Проблемы начались ночью. Леха и Воробей собирались копать, едва их сокамерники уснут, до рассвета сделать лаз наружу и сразу же убежать. Но ночью Осипов долго не спал, ворочался. В итоге приятели приступили к работе поздно. Им предстояло выкопать яму шириной чуть больше аршина (1 аршин — 0,7 м) и длиною в 1,5 аршина. Копать приходилось голыми руками, при этом действовать Лехе и Воробью следовало тихо, с оглядкой. Поэтому к исходу короткой июльской ночи приятели выкопать лаз не успели. До садика, откуда доносился запах цветущих лип, до вожделенной свободы оставалось каких-то пол-аршина земли, но серый рассвет уже сочился сквозь «продушину» под потолком. Повздыхав, приятели перенесли вырытую землю под нары, свесили до полу материю, служившую одеялом, и вновь приладили на пролом сорванную доску, забросав ее ветошью. Продолжать копать лаз они теперь могли только ночью, а впереди их ждал долгий день, в течение которого предстояло держать Кирилла Осипова подальше от их стены с поломанной доской.
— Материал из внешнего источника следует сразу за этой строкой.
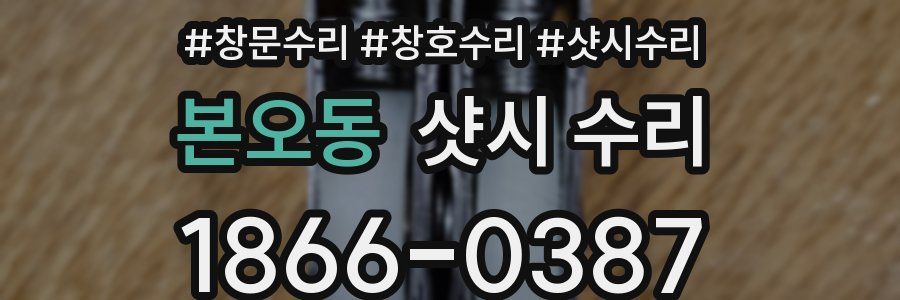본오동 샷시 수리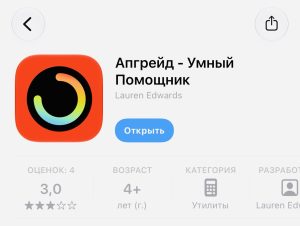 Возвращение Альфа-Банка в App Store: Обновленное приложение «Апгрейд — умный помощник»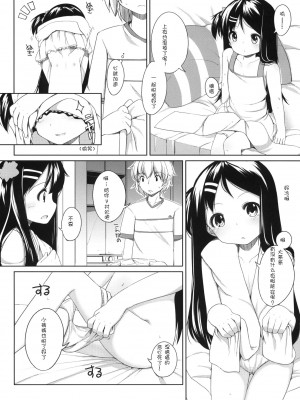 [萌舞の里组汉化] (COMIC1☆5) [kuma-puro (小路あゆむ)] おしかけっ!かなちゃん_07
Осипов пролом не заметил, но его внимание привлекли грязные руки Лехи и Воробья. А также то, с каким усердием они старались смыть с них песок. Улучив момент, Кирилл Осипов подбежал к нарам приятелей, заглянул под них и увидел груду земли. Леха и Воробей в мгновение ока схватили Осипова за горло и прижали к полу: «Если ты скажешь стражникам о том, что видел, сильно — очень сильно пожалеешь!» Осипов пообещал молчать.
Днем Леха и Воробей следили, чтобы Осипов не общался с полицейским, стоящим на часах, но не заметили, как на прогулке он что-то быстро прошептал арестанту Садовскому.
34-летний Казимир Садовский, почтовый служащий, арестованный за вскрытие чужой корреспонденции, сидел в соседней камере — той, что с окошком. У католика Садовского и старообрядца Осипова было мало общего, тем не менее на прогулках они иногда общались. Осипов прошептал Садовскому о груде земли, тот дождался удобного момента и передал его слова стражнику. Дальше понятно: переполох в городском полицейском управлении и куча вооруженных полицейских в камере Лехи и Воробья. Лаз был обнаружен и заделан, приятели связаны.
Алексея Дегтяревича и Израиля Воробейко судил Минский Окружной суд. Они обвинялись в попытке устроить побег (2 и 3 пункты статьи 309 Уложения о Наказаниях). Приятелям грозило до 3 лет тюремного заключения. Присяжные заседатели признали Дегтяревича и Воробейко виновными, но тут же отметили, что они «заслуживают снисхождения».
Алексей Дегтяревич, по их мнению, заслуживал снисхождения, потому что «был забыт» в арестантской, пересидел там «сверх положенного», и потому что «в молодых естественна тяга к свободе». Израиль Воробейко заслуживал снисхождения, потому что был несовершеннолетним. К тому же «побег их осуществлен не был, а от действий, направленных на побег, никто не пострадал».
Судьи, выслушав присяжных, приговорили Дегтяревича и Воробейко к 1 году тюрьмы. Первое, что сделал Алексей Дегтяревич после оглашения приговора, это потребовал перо и бумагу и написал прошение на имя председателя Минского Окружного суда: «Распорядитесь, чтобы я приступил к отбытию наказания немедленно, иначе меня, страдающего и нищаснаго, опять где-либо забудут».